You’ve just said something wrong. The other person is looking at you with a red angry face, but the issue is not about what you’ve said, it’s about what they’ve heard.
There are some sentences that act like deadly silent ninjas, killing self-confidence and antagonizing your friends, family and colleagues—the worst thing is that you might not even realize it.
Here are 7 things you should never say to someone:
1. “I don’t care”
What they hear: “Leave me alone. I have better things to do than listen to you.”
Explain why you would love to hear about that subject, and why “right now” is not the best time for you. Everybody matters. Not caring about someone is denying their existence: If people matter for you, you will matter for them.
2. “You’re wrong”
What they hear: “You are stupid. You know nothing. You’re worthless.”

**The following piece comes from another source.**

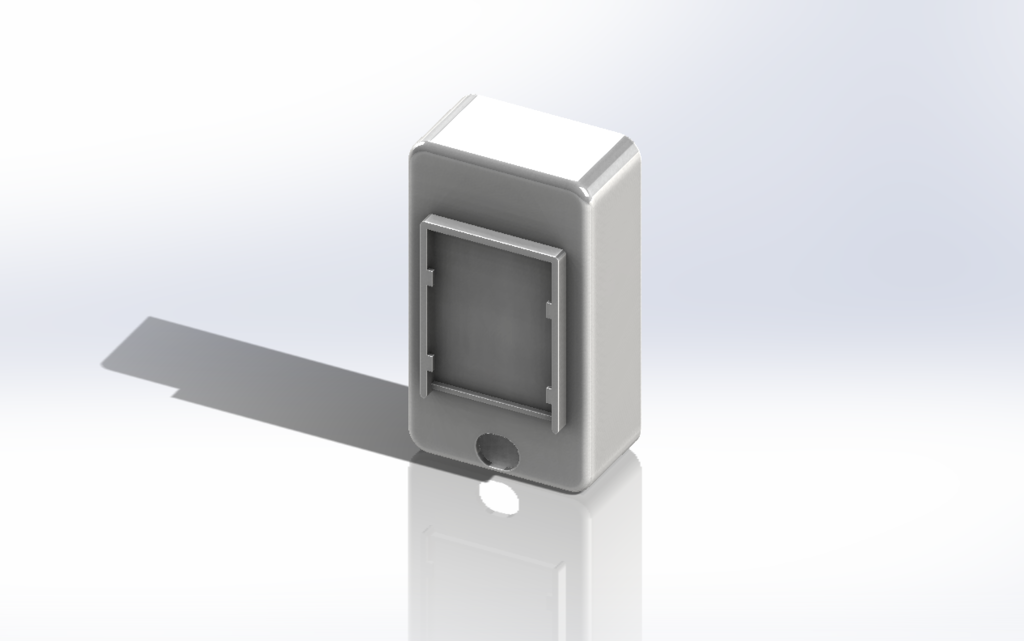 Radiomaster Zorro External Battery Module by spectrexFPV Download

Prefer more tactful sentences. “I would have thought that…”, “My understanding is that…”
Ask questions to make sure you and the other person are working on the same assumptions.
3. “You can’t do it”
What they hear: “You don’t have what it takes to do it, no matter how hard you try; So why do you even try?”
Why would you set someone up for failure? I understand that you don’t want your friend to have delusions, and you could feel that it is your duty to stop that person before they hurt themselves, but I would like to ask you: how can you judge what is good for somebody? And what if failure was the best path for growth?
Encourage people who have chosen a challenging path.
Good judgement comes with experience, but experience comes from bad judgement; – Will Rogers
4. “This should be easy”
What they hear: “It’s easy for most people. If you have trouble doing it, there is probably something wrong about you”
The level of difficulty is perceived differently by everyone, and everyone has their own Everest. If you’re telling somebody that their job is easy, then you’re undermining their contribution to society and you’re telling them they don’t deserve the salary they have.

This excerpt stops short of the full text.